[WHAT THIS TASK INVOLVES]: Up to and including the line that contains "Katie Finn Top 8 - Tvoj vesmír priateľov", repeat each line of the data exactly, starting from the first.

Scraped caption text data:
=== Section Start ===
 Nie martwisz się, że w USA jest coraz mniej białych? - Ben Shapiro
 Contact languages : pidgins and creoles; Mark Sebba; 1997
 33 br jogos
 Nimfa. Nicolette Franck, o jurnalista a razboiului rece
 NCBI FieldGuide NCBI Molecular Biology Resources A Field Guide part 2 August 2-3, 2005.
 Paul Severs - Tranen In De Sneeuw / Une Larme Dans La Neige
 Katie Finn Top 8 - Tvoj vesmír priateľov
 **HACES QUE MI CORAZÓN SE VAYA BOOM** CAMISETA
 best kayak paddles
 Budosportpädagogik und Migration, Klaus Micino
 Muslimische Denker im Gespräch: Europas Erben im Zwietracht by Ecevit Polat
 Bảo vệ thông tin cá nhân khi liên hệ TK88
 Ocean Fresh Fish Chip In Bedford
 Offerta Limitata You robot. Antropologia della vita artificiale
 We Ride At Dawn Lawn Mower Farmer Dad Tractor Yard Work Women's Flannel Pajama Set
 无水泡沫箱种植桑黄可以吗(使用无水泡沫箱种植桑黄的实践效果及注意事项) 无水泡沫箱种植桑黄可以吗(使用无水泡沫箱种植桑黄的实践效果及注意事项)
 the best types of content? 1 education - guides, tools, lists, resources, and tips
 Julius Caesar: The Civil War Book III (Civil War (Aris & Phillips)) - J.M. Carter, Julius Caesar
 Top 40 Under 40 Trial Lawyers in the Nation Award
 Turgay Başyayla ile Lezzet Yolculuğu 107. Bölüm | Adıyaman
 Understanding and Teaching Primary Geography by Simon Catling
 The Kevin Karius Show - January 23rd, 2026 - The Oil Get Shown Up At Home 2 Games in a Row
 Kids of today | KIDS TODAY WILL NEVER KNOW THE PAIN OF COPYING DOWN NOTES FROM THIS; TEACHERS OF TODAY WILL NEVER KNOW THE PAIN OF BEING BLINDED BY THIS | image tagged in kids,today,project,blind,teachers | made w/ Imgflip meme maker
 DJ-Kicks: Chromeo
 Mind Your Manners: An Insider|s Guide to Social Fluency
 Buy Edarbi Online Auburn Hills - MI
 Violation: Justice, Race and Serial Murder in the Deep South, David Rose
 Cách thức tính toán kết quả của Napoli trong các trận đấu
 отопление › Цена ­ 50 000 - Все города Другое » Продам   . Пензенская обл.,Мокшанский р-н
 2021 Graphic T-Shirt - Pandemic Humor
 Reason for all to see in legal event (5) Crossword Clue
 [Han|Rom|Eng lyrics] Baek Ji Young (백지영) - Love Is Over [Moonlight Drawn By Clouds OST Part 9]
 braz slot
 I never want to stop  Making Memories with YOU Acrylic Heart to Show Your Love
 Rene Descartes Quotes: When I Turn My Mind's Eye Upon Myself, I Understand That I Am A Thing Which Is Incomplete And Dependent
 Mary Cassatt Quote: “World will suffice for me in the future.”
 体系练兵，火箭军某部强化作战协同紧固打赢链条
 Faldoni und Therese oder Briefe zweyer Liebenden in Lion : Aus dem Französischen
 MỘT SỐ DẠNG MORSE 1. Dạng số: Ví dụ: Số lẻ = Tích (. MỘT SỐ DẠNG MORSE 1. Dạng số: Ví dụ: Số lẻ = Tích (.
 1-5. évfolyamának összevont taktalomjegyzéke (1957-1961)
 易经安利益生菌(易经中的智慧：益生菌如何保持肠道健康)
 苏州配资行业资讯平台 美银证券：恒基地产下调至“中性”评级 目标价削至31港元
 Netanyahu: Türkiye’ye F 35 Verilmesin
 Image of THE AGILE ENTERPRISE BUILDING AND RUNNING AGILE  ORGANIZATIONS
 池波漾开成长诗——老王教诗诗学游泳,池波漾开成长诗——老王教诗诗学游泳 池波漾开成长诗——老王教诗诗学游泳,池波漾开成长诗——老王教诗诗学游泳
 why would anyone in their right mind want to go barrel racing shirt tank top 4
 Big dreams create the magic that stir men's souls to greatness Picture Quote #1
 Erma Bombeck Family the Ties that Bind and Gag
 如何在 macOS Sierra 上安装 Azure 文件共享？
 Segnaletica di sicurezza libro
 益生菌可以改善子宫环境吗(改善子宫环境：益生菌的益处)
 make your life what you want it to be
=== Section End ===
[WRITTEN REPLY]:
 Nie martwisz się, że w USA jest coraz mniej białych? - Ben Shapiro
 Contact languages : pidgins and creoles; Mark Sebba; 1997
 33 br jogos
 Nimfa. Nicolette Franck, o jurnalista a razboiului rece
 NCBI FieldGuide NCBI Molecular Biology Resources A Field Guide part 2 August 2-3, 2005.
 Paul Severs - Tranen In De Sneeuw / Une Larme Dans La Neige
 Katie Finn Top 8 - Tvoj vesmír priateľov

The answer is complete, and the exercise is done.